- DATA EXTRACTS
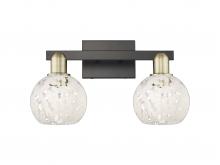 Innovations Lighting 716-2W-BAB-G1216-6WM - White Mouchette - 2 Light - 17 inch - Black Antique Brass - Bath Vanity Light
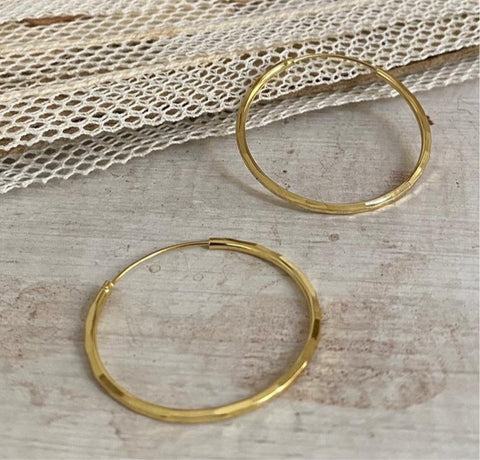 'Faceted' hoops | 24k gold plated | different sizes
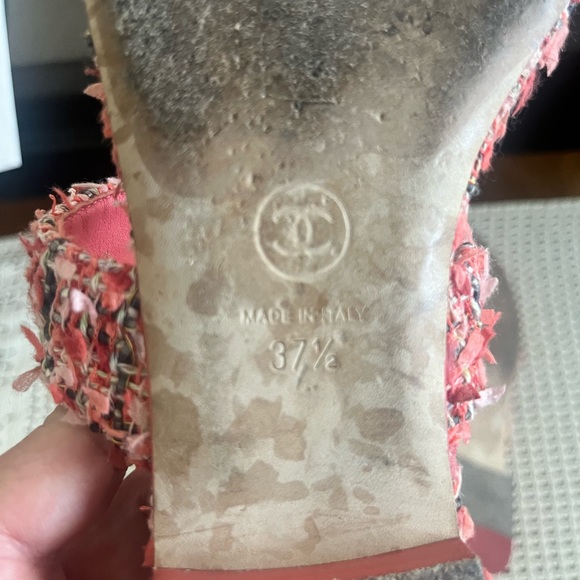 Authentic Chanel Pink Tweed Sandals - Picture 4 of 5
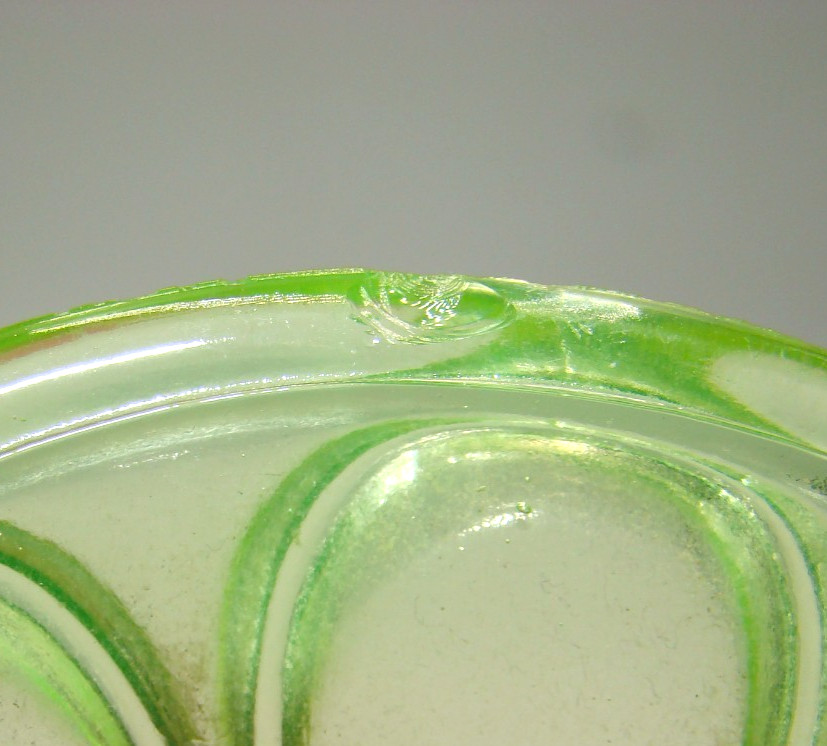 Antique Boston & Sandwich Petal & Loop Canary Vaseline Glass 7 1/4″ Candlestick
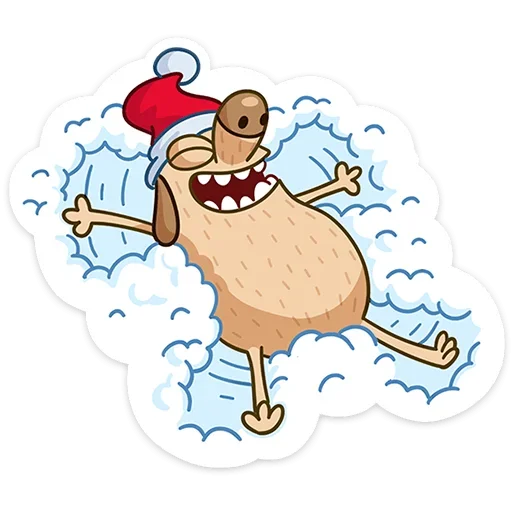 ☺ Стикер «Новогодний Дигги» для Telegram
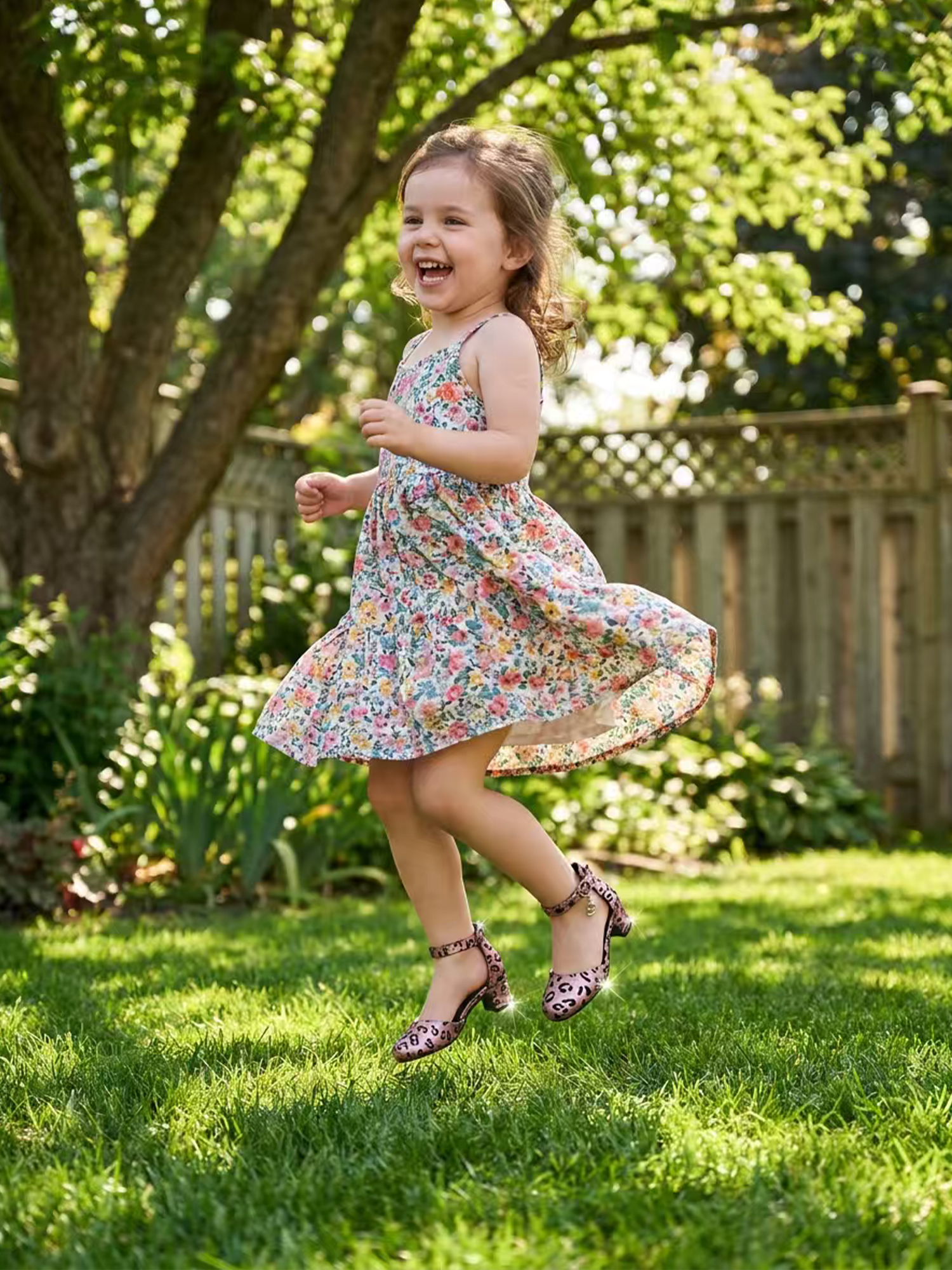 Girls Dress Shoes Ankle Strap Mary Jane Closed Round Toe Pumps Cute Pendant Block Chunky Heels Wedding Party School Birthday Shoes for Little Big Girl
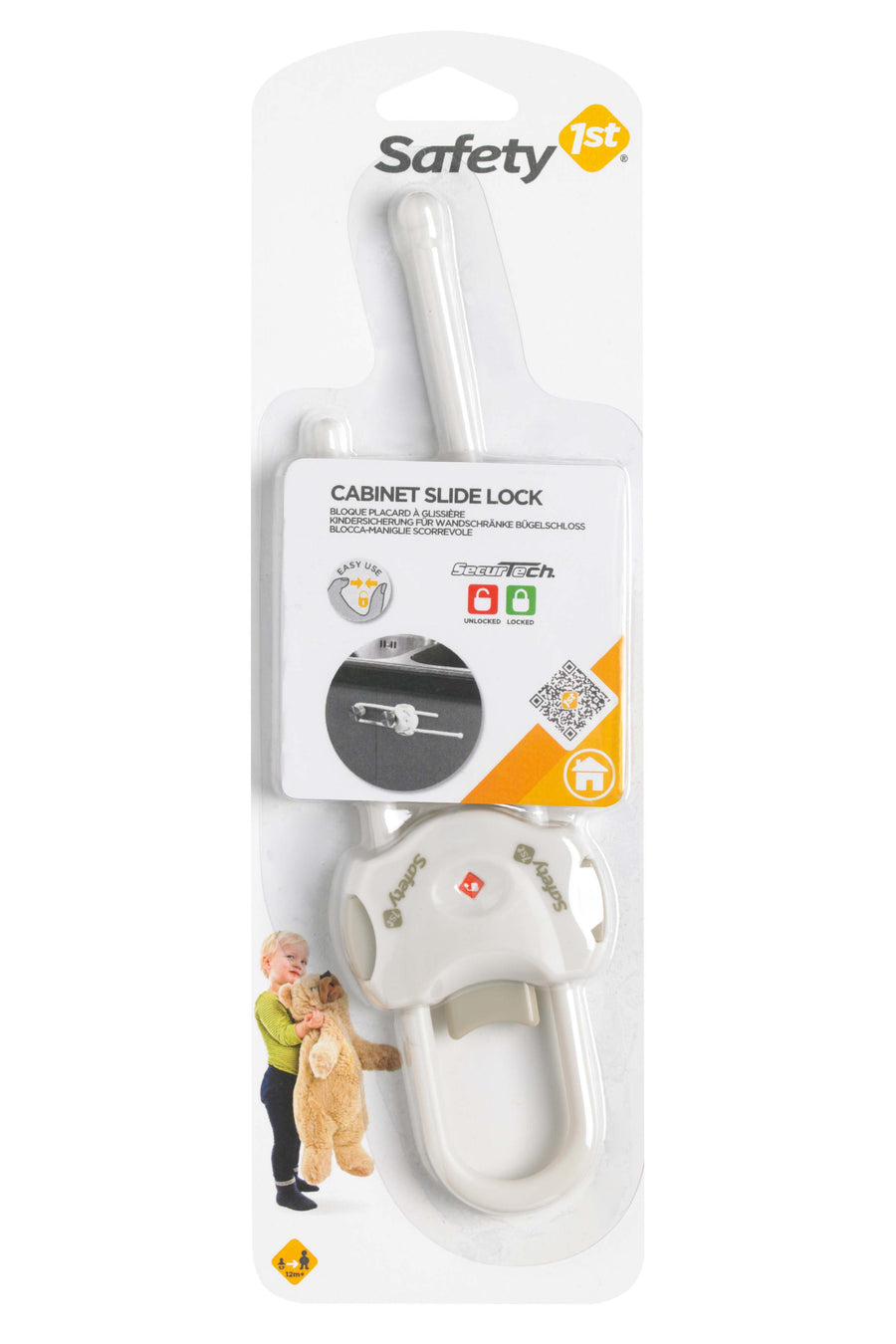 Safety 1st cabinet slide lock on its packaging with a child and teddy bear illustration.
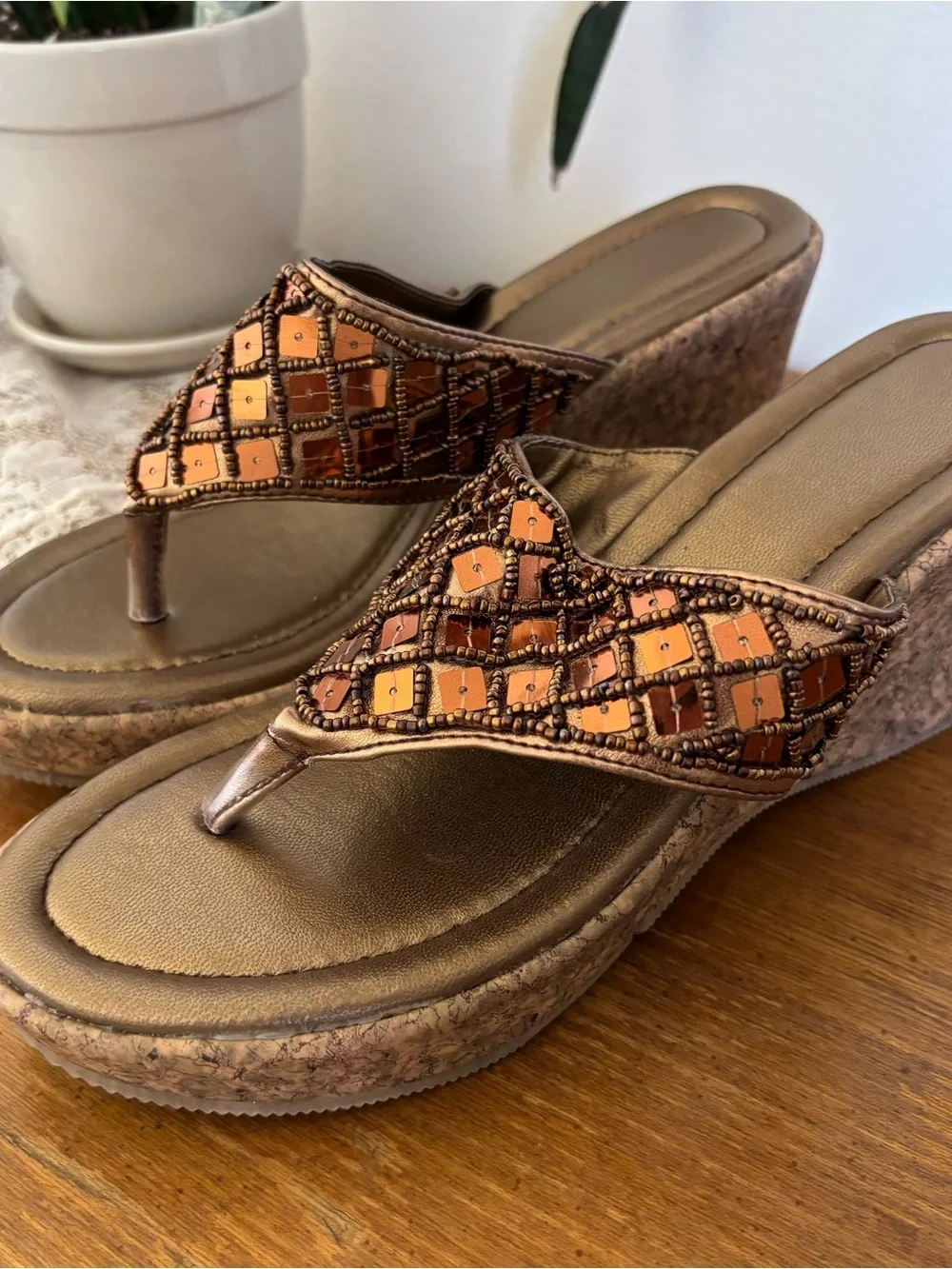 Copper and Bronze Beaded Wedge Thong Sandals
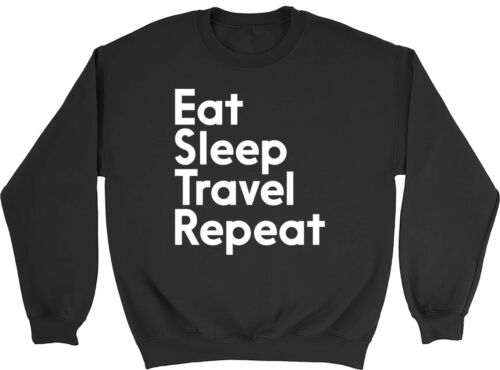 Mens Womens Jumper Eat Sleep Travel Repeat Sweatshirt Holiday Touring Gift - Picture 1 of 5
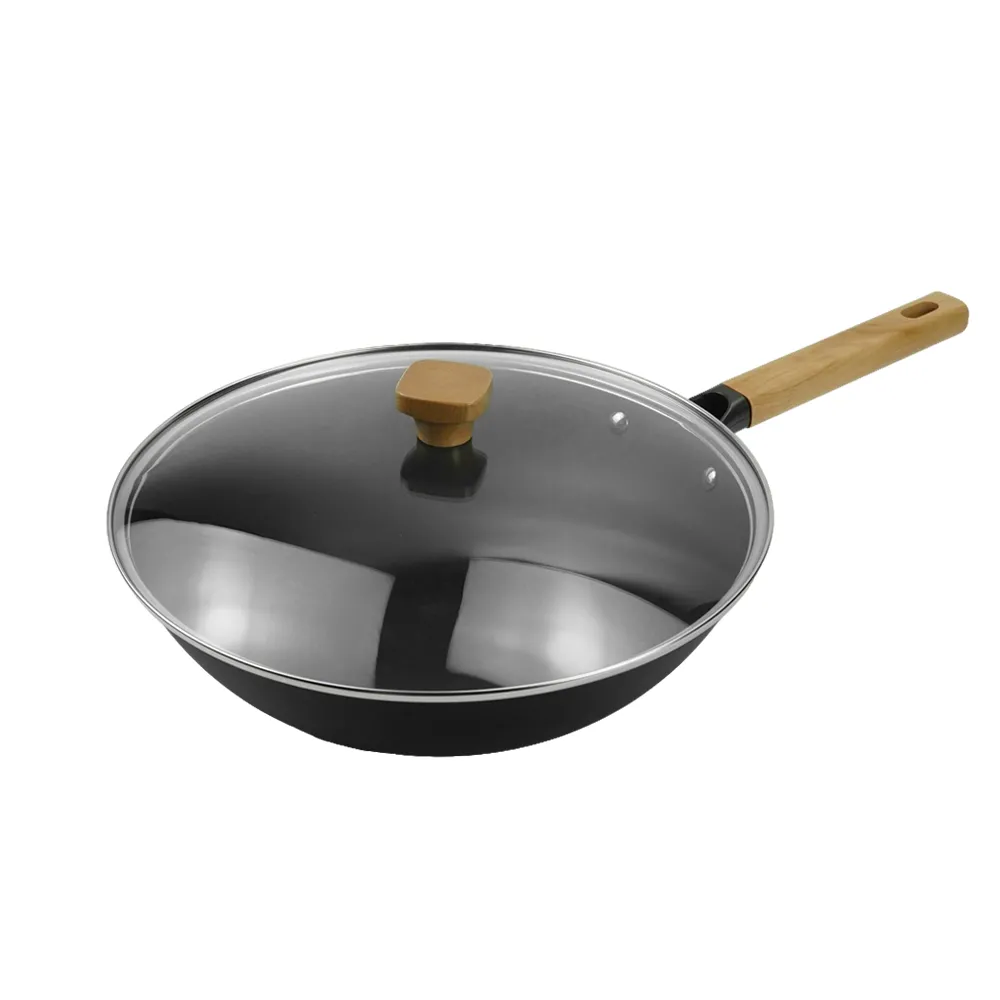 Classic nitrided cast iron deep frying pan, comfortable wooden handle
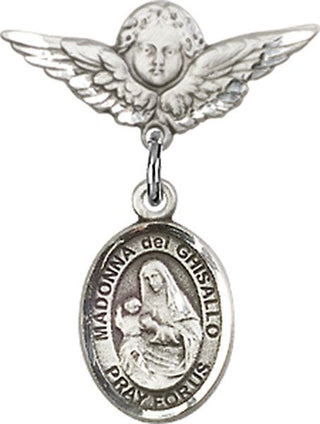 Sterling Silver Small Angel w/Wings Madonna del Ghisallo Baby Badge - Engravable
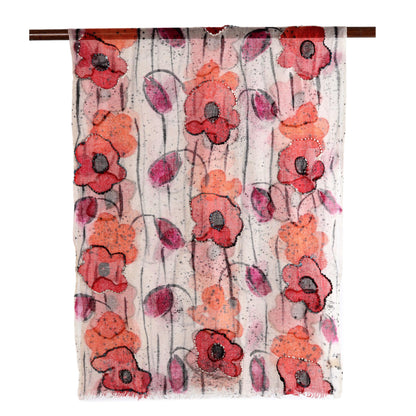 Morning Allure Red and Orange Floral Wool Shawl from India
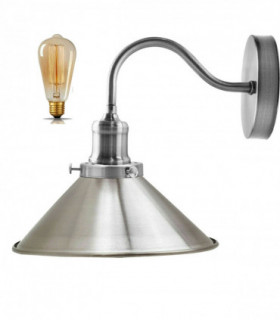 Retro Industrial Swan Neck Wall Light Indoor Sconce Metal Cone Shape Shade For  Basement, Bedroom, Dining Room, Garage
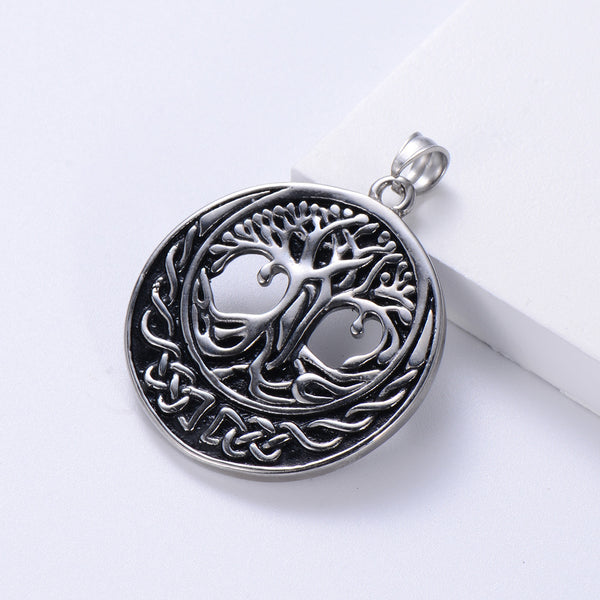 Retro Men Vintage Metal Retro Vintage Tree Stainless Steel Polishing Pendants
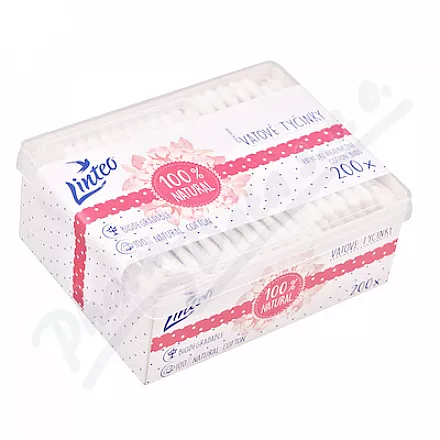 Linteo Vatové tyčinky papírové box 200ks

- WORK TO BE COMPLETED
Please reproduce the entries above line by line, exactly, leaving out each image.

- SOLVED EXERCISE
 Innovations Lighting 716-2W-BAB-G1216-6WM - White Mouchette - 2 Light - 17 inch - Black Antique Brass - Bath Vanity Light
 'Faceted' hoops | 24k gold plated | different sizes
 Authentic Chanel Pink Tweed Sandals - Picture 4 of 5
 Antique Boston & Sandwich Petal & Loop Canary Vaseline Glass 7 1/4″ Candlestick
 ☺ Стикер «Новогодний Дигги» для Telegram
 Girls Dress Shoes Ankle Strap Mary Jane Closed Round Toe Pumps Cute Pendant Block Chunky Heels Wedding Party School Birthday Shoes for Little Big Girl
 Safety 1st cabinet slide lock on its packaging with a child and teddy bear illustration.
 Copper and Bronze Beaded Wedge Thong Sandals
 Mens Womens Jumper Eat Sleep Travel Repeat Sweatshirt Holiday Touring Gift - Picture 1 of 5
 Classic nitrided cast iron deep frying pan, comfortable wooden handle
 Sterling Silver Small Angel w/Wings Madonna del Ghisallo Baby Badge - Engravable
 Morning Allure Red and Orange Floral Wool Shawl from India
 Retro Industrial Swan Neck Wall Light Indoor Sconce Metal Cone Shape Shade For  Basement, Bedroom, Dining Room, Garage
 Retro Men Vintage Metal Retro Vintage Tree Stainless Steel Polishing Pendants
 Linteo Vatové tyčinky papírové box 200ks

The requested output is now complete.